The Taking Of Andrew's Mother

  • The woman's name was a frosty interlude amid the pleasantries of George W. Bush's meeting with China's Vice Premier Qian Qichen. The woman is Gao Zhan, 40, a sociologist at American University in Washington who has been held by Chinese authorities since mid-February. Bush bluntly told Qian of his "extreme concern" about Gao. He was echoing similar statements by Secretary of State Colin Powell, who called the case "particularly outrageous."

    Gao's ordeal began as she, her son Andrew, 5, and her husband Xue Donghua approached the Northwest Airlines counter at Beijing airport on Feb. 11 to return from a three-week vacation. Suddenly, some 15 plainclothes security agents appeared and separated the family. "We didn't even have a chance to look at each other," says Xue. The agents blindfolded Xue and drove him to a house where they interrogated him for 26 days. On March 8 they took him to Andrew, who, because of the abrupt and prolonged break, did not recognize him at first. "He was looking at me, and then he figured it out. We embraced and cried."

    Gao and Xue are Chinese nationals awaiting their swearing-in ceremony as U.S. citizens. But Andrew was born in America, and is already a citizen. His detention, therefore, violated a consular agreement between the U.S. and China to inform each other of citizens' detentions within four days. That explains part of the U.S. outrage. But the case, at least the fourth in the past six years, gave the Bush Administration a welcome chance to put teeth into its proclaimed interest in human rights.

    Beijing insists that Gao "is suspected of activities that undermine state security," but now the incident has led to a diplomatic embarrassment. "Nothing this woman could have done is worth the black eye it gave to Qian," says a Clinton senior White House official.

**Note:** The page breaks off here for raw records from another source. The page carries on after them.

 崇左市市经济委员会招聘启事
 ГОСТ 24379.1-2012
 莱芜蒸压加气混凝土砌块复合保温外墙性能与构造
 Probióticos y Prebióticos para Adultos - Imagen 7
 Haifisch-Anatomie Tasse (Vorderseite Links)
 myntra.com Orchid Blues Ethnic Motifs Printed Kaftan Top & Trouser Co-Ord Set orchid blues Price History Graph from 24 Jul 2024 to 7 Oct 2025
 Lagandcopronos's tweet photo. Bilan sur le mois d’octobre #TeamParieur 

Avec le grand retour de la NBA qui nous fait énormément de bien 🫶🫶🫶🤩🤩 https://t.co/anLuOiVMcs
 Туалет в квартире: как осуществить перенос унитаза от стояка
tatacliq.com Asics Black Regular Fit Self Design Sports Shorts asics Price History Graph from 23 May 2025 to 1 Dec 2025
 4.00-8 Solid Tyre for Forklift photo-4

    China's leaders are vulnerable at a number of pressure points. They are trying to persuade Washington to spurn Taiwan's requests for an advanced antimissile radar system and are desperately trying to win this July's vote by the International Olympic Committee for China to be host to the 2008 Summer Games. Gao's lawyer, Jerome Cohen, therefore holds out hope. "When a dispute gets to that level, intelligent leaders won't want to damage themselves over a nothing case," he says. China may also be particularly sensitive now, as news broke last week of the defection in December of a high-ranking Chinese officer in New York.

    At home now, amid the jumble of toys and papers strewn about their comfortable town house, Xue Donghua and Andrew are inseparable. "He used to be a very open child," the father says, "but now he is very sensitive--he won't leave me." A pile of newspapers, recording his pleas for Gao's freedom, lie on the floor. "We'll save them for her, so she can see what we have been doing," Xue says.